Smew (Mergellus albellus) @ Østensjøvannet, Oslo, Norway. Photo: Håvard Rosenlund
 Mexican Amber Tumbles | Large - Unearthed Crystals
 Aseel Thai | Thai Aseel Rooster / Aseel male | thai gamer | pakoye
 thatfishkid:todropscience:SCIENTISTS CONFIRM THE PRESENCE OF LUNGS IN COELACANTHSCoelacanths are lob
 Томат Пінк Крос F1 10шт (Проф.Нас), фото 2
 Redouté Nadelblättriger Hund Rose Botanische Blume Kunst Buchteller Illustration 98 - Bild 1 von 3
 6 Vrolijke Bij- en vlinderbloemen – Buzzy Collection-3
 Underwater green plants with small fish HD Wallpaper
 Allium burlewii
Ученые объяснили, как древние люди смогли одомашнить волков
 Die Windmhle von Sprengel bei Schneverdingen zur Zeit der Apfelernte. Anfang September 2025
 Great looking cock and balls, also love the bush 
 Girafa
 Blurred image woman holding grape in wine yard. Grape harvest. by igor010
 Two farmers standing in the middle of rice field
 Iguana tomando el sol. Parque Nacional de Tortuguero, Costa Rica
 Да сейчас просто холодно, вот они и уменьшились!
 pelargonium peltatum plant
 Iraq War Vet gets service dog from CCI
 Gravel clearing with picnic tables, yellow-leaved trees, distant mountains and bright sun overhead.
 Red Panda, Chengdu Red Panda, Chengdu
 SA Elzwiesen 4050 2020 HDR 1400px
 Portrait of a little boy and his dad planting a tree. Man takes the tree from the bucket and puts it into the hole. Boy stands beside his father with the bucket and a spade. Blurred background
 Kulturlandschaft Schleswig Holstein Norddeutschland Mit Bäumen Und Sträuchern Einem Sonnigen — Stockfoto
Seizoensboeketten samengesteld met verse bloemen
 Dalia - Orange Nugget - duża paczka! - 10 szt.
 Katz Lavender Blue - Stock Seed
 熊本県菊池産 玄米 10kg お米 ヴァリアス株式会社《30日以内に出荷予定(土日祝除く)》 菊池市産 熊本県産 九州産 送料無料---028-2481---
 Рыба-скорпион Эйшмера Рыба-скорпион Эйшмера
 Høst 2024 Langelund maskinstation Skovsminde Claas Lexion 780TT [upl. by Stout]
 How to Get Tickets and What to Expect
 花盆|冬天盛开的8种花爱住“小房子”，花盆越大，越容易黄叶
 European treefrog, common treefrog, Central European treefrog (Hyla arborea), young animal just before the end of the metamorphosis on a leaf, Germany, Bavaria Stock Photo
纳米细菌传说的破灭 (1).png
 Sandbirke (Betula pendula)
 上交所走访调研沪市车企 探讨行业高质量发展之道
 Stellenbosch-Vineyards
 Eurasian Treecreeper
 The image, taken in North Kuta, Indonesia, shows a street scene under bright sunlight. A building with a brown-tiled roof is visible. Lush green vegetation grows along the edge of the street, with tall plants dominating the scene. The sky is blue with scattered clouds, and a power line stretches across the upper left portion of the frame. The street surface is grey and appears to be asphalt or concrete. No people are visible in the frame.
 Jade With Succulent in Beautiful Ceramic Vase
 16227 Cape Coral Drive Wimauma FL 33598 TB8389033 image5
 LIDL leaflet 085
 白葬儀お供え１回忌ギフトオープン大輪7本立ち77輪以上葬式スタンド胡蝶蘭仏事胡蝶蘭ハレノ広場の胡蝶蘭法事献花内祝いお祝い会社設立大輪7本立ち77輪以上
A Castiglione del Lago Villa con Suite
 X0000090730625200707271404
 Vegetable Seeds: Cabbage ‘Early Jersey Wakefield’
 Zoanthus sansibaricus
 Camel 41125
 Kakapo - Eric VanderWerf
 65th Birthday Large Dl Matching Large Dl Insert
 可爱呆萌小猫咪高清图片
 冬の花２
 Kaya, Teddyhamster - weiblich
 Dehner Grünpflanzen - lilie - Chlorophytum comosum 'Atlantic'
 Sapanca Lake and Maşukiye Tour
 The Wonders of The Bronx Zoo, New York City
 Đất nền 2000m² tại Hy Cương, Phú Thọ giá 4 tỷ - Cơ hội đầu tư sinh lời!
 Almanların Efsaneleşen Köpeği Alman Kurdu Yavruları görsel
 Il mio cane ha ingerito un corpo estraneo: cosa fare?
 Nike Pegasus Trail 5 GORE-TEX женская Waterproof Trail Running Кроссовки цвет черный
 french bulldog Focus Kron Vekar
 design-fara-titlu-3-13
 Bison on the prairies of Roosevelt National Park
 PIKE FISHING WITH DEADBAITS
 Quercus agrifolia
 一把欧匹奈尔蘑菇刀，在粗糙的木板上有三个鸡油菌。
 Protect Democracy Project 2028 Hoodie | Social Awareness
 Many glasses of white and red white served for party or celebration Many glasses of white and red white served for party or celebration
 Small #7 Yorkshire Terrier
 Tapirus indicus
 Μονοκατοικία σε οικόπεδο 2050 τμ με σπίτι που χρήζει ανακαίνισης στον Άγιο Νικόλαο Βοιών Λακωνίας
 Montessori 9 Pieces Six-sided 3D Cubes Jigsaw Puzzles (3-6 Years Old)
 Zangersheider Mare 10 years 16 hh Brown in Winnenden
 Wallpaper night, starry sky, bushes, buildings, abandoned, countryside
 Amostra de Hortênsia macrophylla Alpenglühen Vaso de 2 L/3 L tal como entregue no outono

● ● ● ● ● ● ●

From the first line to the last, write out the listing exactly.

Smew (Mergellus albellus) @ Østensjøvannet, Oslo, Norway. Photo: Håvard Rosenlund
 Mexican Amber Tumbles | Large - Unearthed Crystals
 Aseel Thai | Thai Aseel Rooster / Aseel male | thai gamer | pakoye
 thatfishkid:todropscience:SCIENTISTS CONFIRM THE PRESENCE OF LUNGS IN COELACANTHSCoelacanths are lob
 Томат Пінк Крос F1 10шт (Проф.Нас), фото 2
 Redouté Nadelblättriger Hund Rose Botanische Blume Kunst Buchteller Illustration 98 - Bild 1 von 3
 6 Vrolijke Bij- en vlinderbloemen – Buzzy Collection-3
 Underwater green plants with small fish HD Wallpaper
 Allium burlewii
Ученые объяснили, как древние люди смогли одомашнить волков
 Die Windmhle von Sprengel bei Schneverdingen zur Zeit der Apfelernte. Anfang September 2025
 Great looking cock and balls, also love the bush 
 Girafa
 Blurred image woman holding grape in wine yard. Grape harvest. by igor010
 Two farmers standing in the middle of rice field
 Iguana tomando el sol. Parque Nacional de Tortuguero, Costa Rica
 Да сейчас просто холодно, вот они и уменьшились!
 pelargonium peltatum plant
 Iraq War Vet gets service dog from CCI
 Gravel clearing with picnic tables, yellow-leaved trees, distant mountains and bright sun overhead.
 Red Panda, Chengdu Red Panda, Chengdu
 SA Elzwiesen 4050 2020 HDR 1400px
 Portrait of a little boy and his dad planting a tree. Man takes the tree from the bucket and puts it into the hole. Boy stands beside his father with the bucket and a spade. Blurred background
 Kulturlandschaft Schleswig Holstein Norddeutschland Mit Bäumen Und Sträuchern Einem Sonnigen — Stockfoto
Seizoensboeketten samengesteld met verse bloemen
 Dalia - Orange Nugget - duża paczka! - 10 szt.
 Katz Lavender Blue - Stock Seed
 熊本県菊池産 玄米 10kg お米 ヴァリアス株式会社《30日以内に出荷予定(土日祝除く)》 菊池市産 熊本県産 九州産 送料無料---028-2481---
 Рыба-скорпион Эйшмера Рыба-скорпион Эйшмера
 Høst 2024 Langelund maskinstation Skovsminde Claas Lexion 780TT [upl. by Stout]
 How to Get Tickets and What to Expect
 花盆|冬天盛开的8种花爱住“小房子”，花盆越大，越容易黄叶
 European treefrog, common treefrog, Central European treefrog (Hyla arborea), young animal just before the end of the metamorphosis on a leaf, Germany, Bavaria Stock Photo
纳米细菌传说的破灭 (1).png
 Sandbirke (Betula pendula)
 上交所走访调研沪市车企 探讨行业高质量发展之道
 Stellenbosch-Vineyards
 Eurasian Treecreeper
 The image, taken in North Kuta, Indonesia, shows a street scene under bright sunlight. A building with a brown-tiled roof is visible. Lush green vegetation grows along the edge of the street, with tall plants dominating the scene. The sky is blue with scattered clouds, and a power line stretches across the upper left portion of the frame. The street surface is grey and appears to be asphalt or concrete. No people are visible in the frame.
 Jade With Succulent in Beautiful Ceramic Vase
 16227 Cape Coral Drive Wimauma FL 33598 TB8389033 image5
 LIDL leaflet 085
 白葬儀お供え１回忌ギフトオープン大輪7本立ち77輪以上葬式スタンド胡蝶蘭仏事胡蝶蘭ハレノ広場の胡蝶蘭法事献花内祝いお祝い会社設立大輪7本立ち77輪以上
A Castiglione del Lago Villa con Suite
 X0000090730625200707271404
 Vegetable Seeds: Cabbage ‘Early Jersey Wakefield’
 Zoanthus sansibaricus
 Camel 41125
 Kakapo - Eric VanderWerf
 65th Birthday Large Dl Matching Large Dl Insert
 可爱呆萌小猫咪高清图片
 冬の花２
 Kaya, Teddyhamster - weiblich
 Dehner Grünpflanzen - lilie - Chlorophytum comosum 'Atlantic'
 Sapanca Lake and Maşukiye Tour
 The Wonders of The Bronx Zoo, New York City
 Đất nền 2000m² tại Hy Cương, Phú Thọ giá 4 tỷ - Cơ hội đầu tư sinh lời!
 Almanların Efsaneleşen Köpeği Alman Kurdu Yavruları görsel
 Il mio cane ha ingerito un corpo estraneo: cosa fare?
 Nike Pegasus Trail 5 GORE-TEX женская Waterproof Trail Running Кроссовки цвет черный
 french bulldog Focus Kron Vekar
 design-fara-titlu-3-13
 Bison on the prairies of Roosevelt National Park
 PIKE FISHING WITH DEADBAITS
 Quercus agrifolia
 一把欧匹奈尔蘑菇刀，在粗糙的木板上有三个鸡油菌。
 Protect Democracy Project 2028 Hoodie | Social Awareness
 Many glasses of white and red white served for party or celebration Many glasses of white and red white served for party or celebration
 Small #7 Yorkshire Terrier
 Tapirus indicus
 Μονοκατοικία σε οικόπεδο 2050 τμ με σπίτι που χρήζει ανακαίνισης στον Άγιο Νικόλαο Βοιών Λακωνίας
 Montessori 9 Pieces Six-sided 3D Cubes Jigsaw Puzzles (3-6 Years Old)
 Zangersheider Mare 10 years 16 hh Brown in Winnenden
 Wallpaper night, starry sky, bushes, buildings, abandoned, countryside
 Amostra de Hortênsia macrophylla Alpenglühen Vaso de 2 L/3 L tal como entregue no outono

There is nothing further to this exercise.